To report suspected double brokering, first verify the booking chain and each party through trusted records. Preserve the rate confirmation, tender, bill of lading, proof of delivery, invoices, communications and payment details. Notify the shipper and authorized broker, then submit factual information through the appropriate FMCSA complaint or enforcement channels.

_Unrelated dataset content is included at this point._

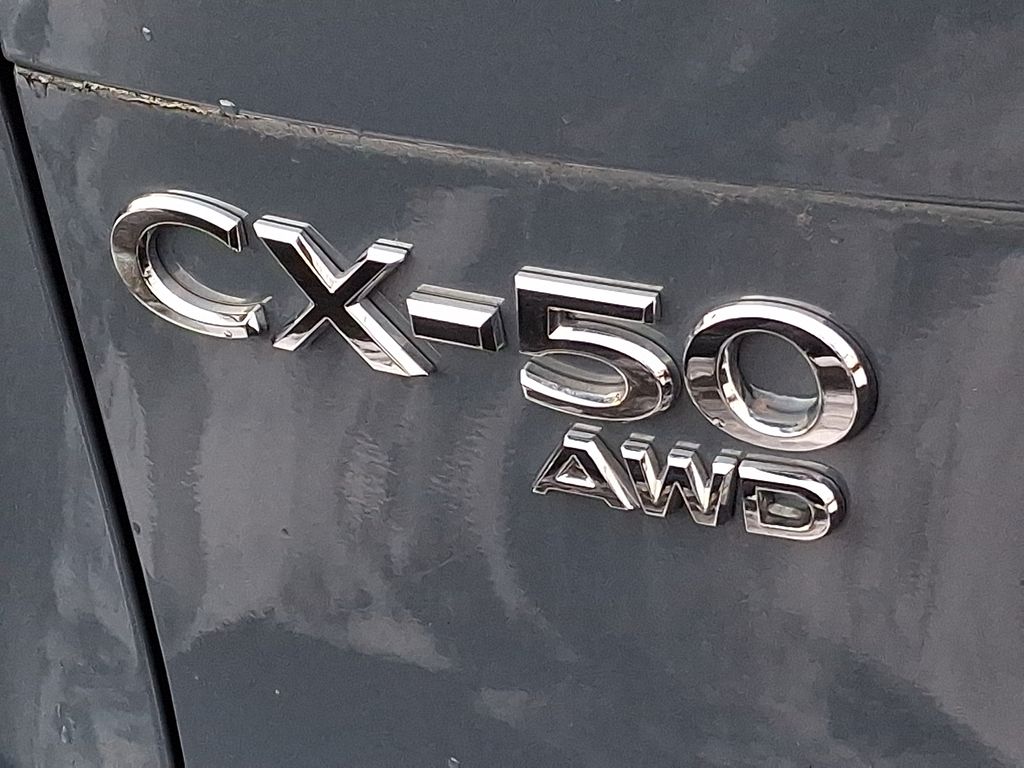Thumbnail: 2023 Mazda CX-50 - 24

Audience and scope: U.S. motor carriers, freight brokers, shippers, and other parties directly involved in a load.

01

Build a verifiable load timeline

  • Identify who tendered the load, who accepted it, who physically transported it, and who invoiced each party.
  • Compare legal names, authority numbers, addresses, emails, phone numbers, signatures, and bank instructions.
  • Verify public authority contacts through FMCSA SAFER rather than a suspicious document or search advertisement.
  • Describe observed discrepancies without claiming criminal intent that has not been established.
02

Preserve evidence before accounts or messages change

  • Save the original rate confirmation, bill of lading, proof of delivery, invoices, dispatch records, and payment instructions.
  • Export emails with headers, text messages, call logs, platform messages, login alerts, and account-change notices.
  • Record dates, times, phone numbers, email addresses, URLs, IP or device alerts, DOT and MC numbers, vehicle details, locations, and names used.
  • Keep originals in read-only storage and work from copies. Do not publish personal, banking, login, or identity documents.
03

Use the appropriate official reporting channel

The correct destination depends on what happened. FMCSA provides transportation-industry fraud guidance and the National Consumer Complaint Database. Cyber-enabled fraud may also belong with FBI IC3; suspected fraud affecting U.S. Department of Transportation programs may be reported to DOT OIG; consumer fraud can be reported to the FTC.

  • Contact 911 or local law enforcement when there is immediate danger or an active theft.
  • Report promptly and keep the confirmation or complaint number from every agency.
  • Notify affected insurers, load boards, banks, factoring companies, customers, and business partners through independently verified contact details.